Soil-residual herbicides effectiveness has been reduced due to the dry soil conditions throughout most of the state during the 2012 growing season. Associate professor of weed science Aaron Hager warns these conditions also slow the rate of herbicide degradation, increasing the likelihood that herbicide carryover could damage rotational crops.
"Once a herbicide is applied, there is little that can be done to shorten the time it remains active in the soil environment," Hager says. "Herbicide persistence depends on the interaction of the herbicide's characteristics, the soil, and climactic conditions"
Characteristics of the herbicide molecules affect its persistence in the soil. Some herbicides, such as thifensulfuron, have very little soil persistence while others, such as picloram, can persist for several months.

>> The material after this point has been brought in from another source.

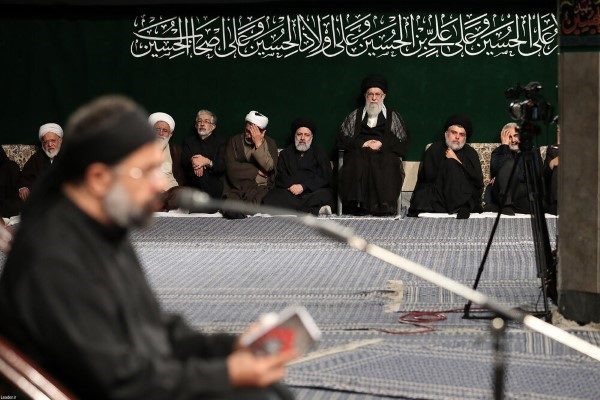 مراسم عزاداری با حضور رهبر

"Soil persistence can also vary among herbicides within a particular chemical family," Hager notes. "For example, within the imidazolinone herbicide family, soil persistence of imazamox is much shorter than that of imazethapyr."
Chemical, physical, and microbial soil properties also influence herbicide persistence. For some herbicides, soil pH is important because it impacts how much herbicide is available for plant uptake and how quickly it is degraded by hydrolysis.
"For example, atrazine is more available for plant uptake when the soil pH is approximately 7.0 or higher," Hager explains. "It also persists longer because the rate of hydrolysis slows at higher soil pH values. The degradation rate of many sulfonylurea herbicides slows with high soil pH values. Imidazolinone herbicides persist longer in soils with low pH values."